● **Exercise goal**
Nothing but the lines from the one containing "2025 Mercedes-Benz Sprinter 3500 10" through the end of the data should be retyped, exactly as they stand, and pictures should not be retyped.

● **Records to use**
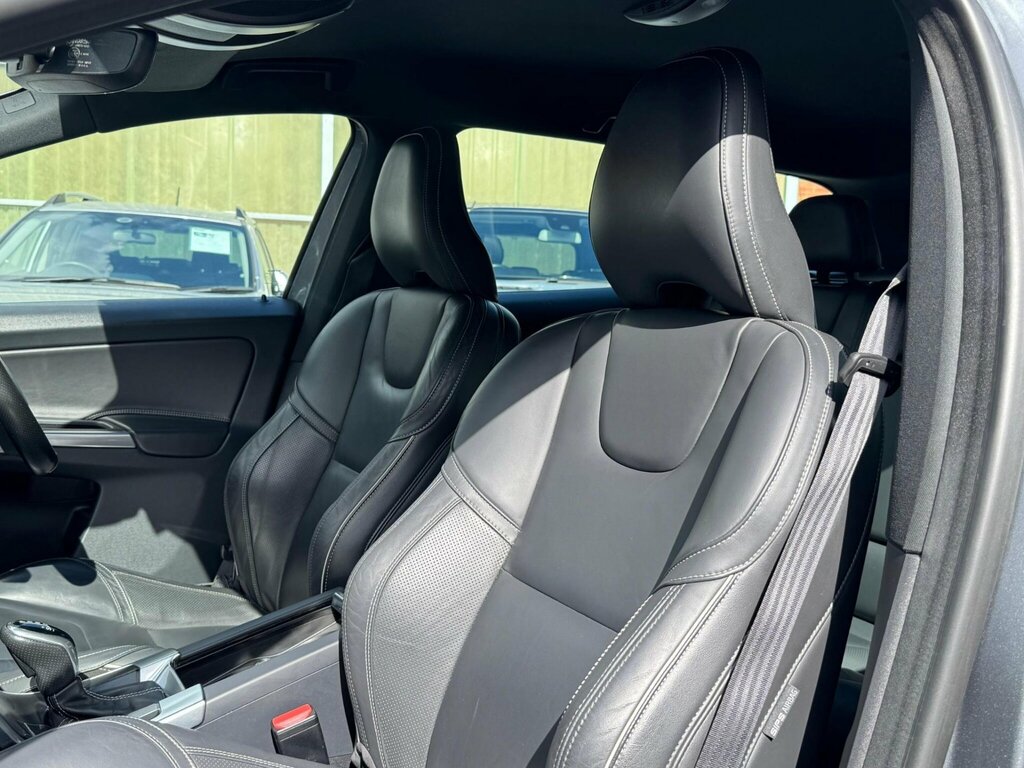 Volvo XC60 Se Nav D4 Silver #18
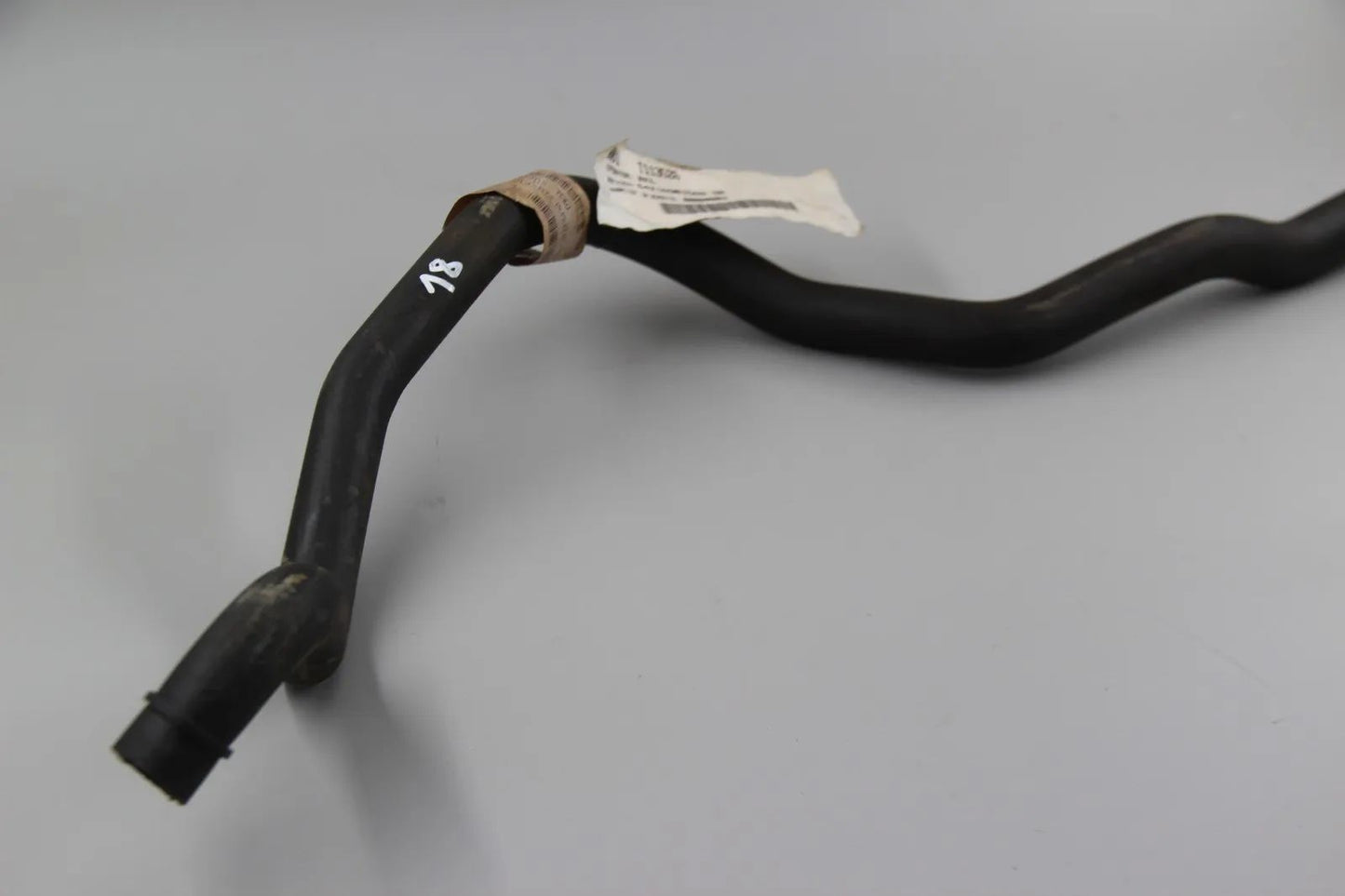 Original BMW E46 3er Schlauch Heizkörper-Ausgleichbehälter 64216901568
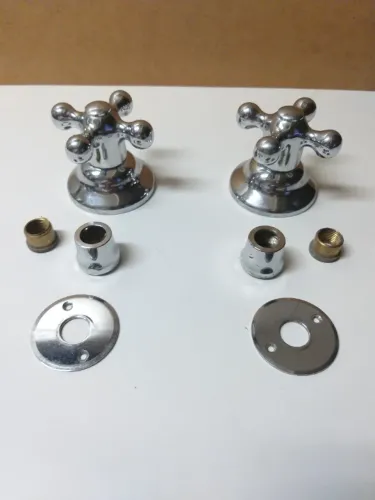 Acabamentos Registro Fabrima Gaveta 1/2" e 3/4" Digital Line Cromado Metal DUAS por R$ 80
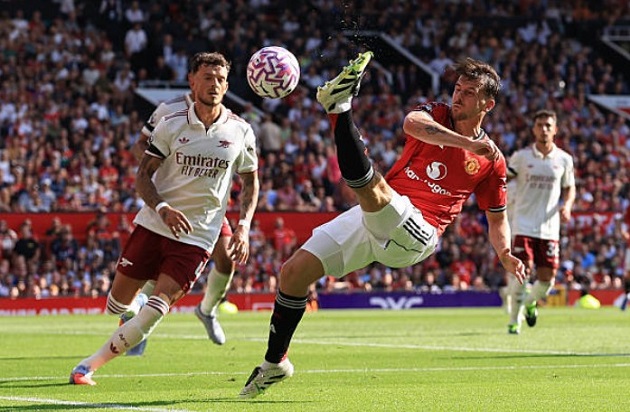 Ben White (7.6): Lên công nhịp nhàng nhưng thường để lộ khoảng trống phía sau, khiến Arsenal nhiều lần bị hở cánh.
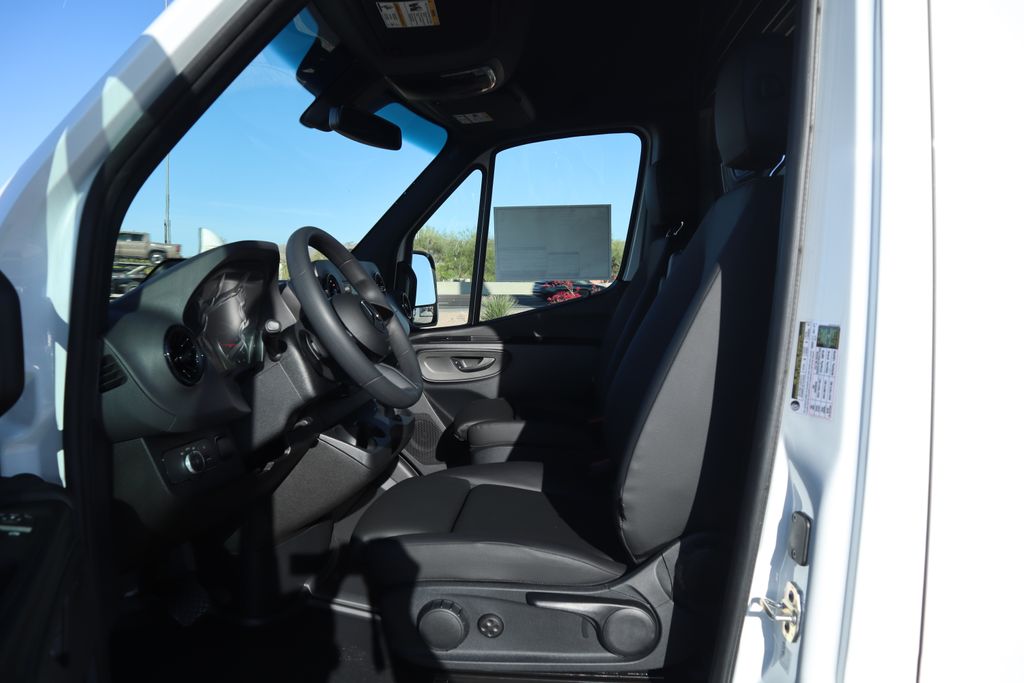 2025 Mercedes-Benz Sprinter 3500 10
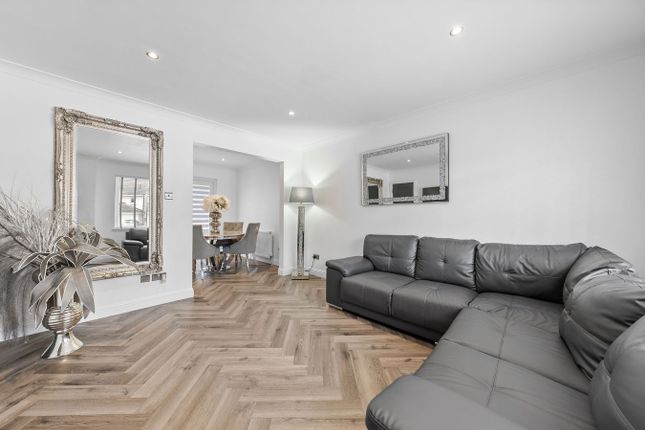 47, Munnoch Way, Stirling photo 2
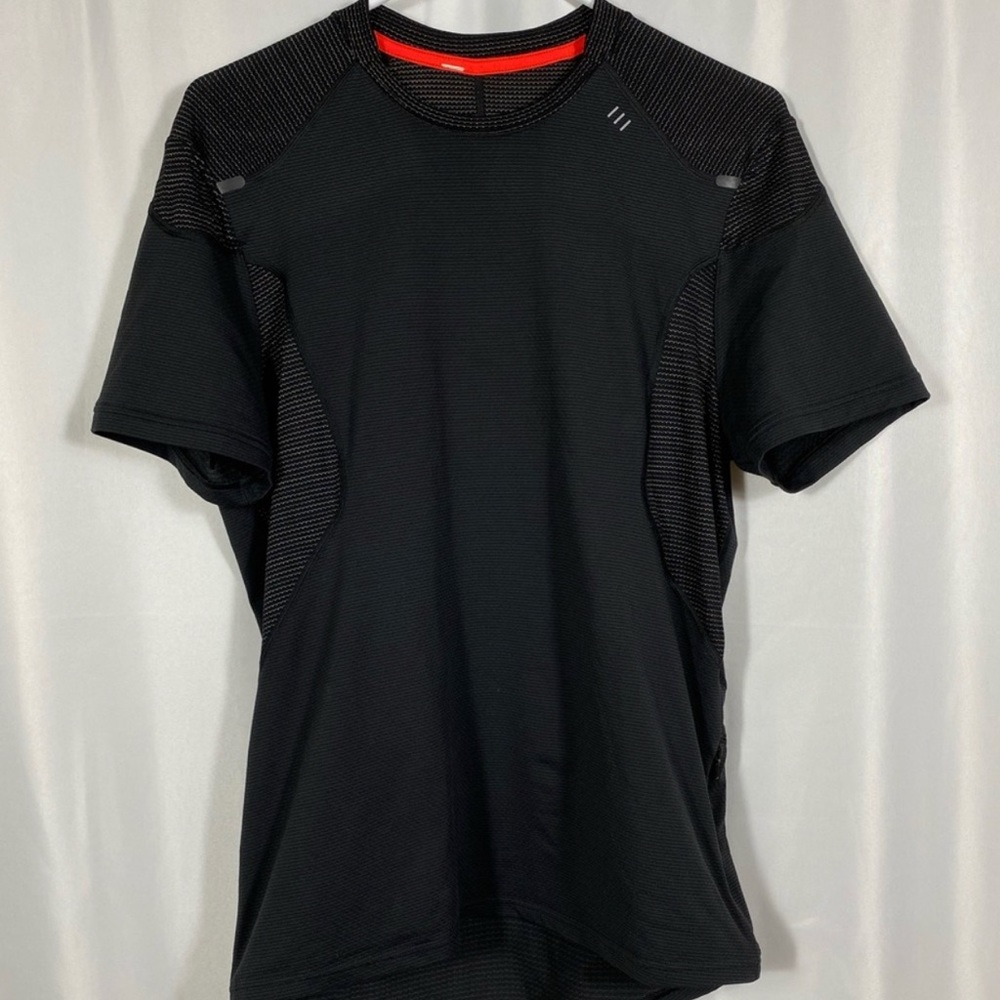 Lululemon reflective light as air tech ll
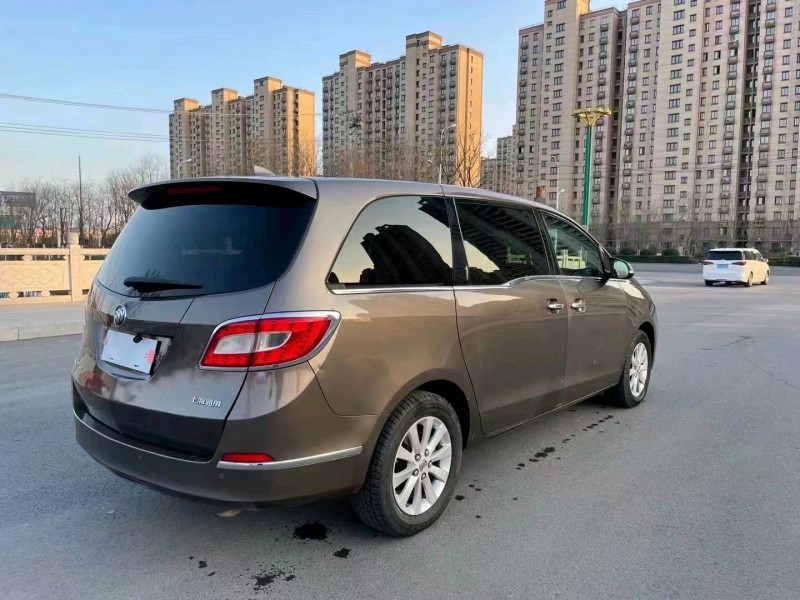 徐州16年别克GL86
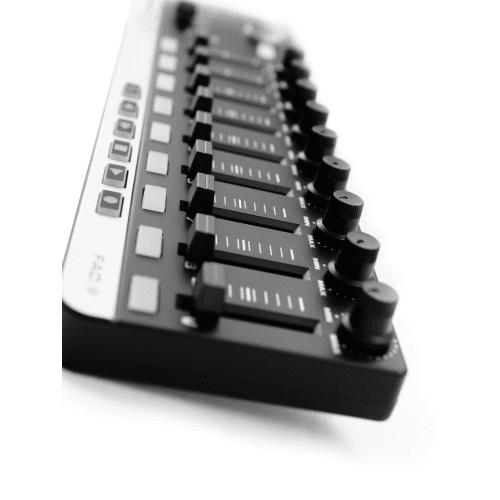 OMNITRONIC FAD-9 MIDI Controller - Image 4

● **Solved problem**
 2025 Mercedes-Benz Sprinter 3500 10
 47, Munnoch Way, Stirling photo 2
 Lululemon reflective light as air tech ll
 徐州16年别克GL86
 OMNITRONIC FAD-9 MIDI Controller - Image 4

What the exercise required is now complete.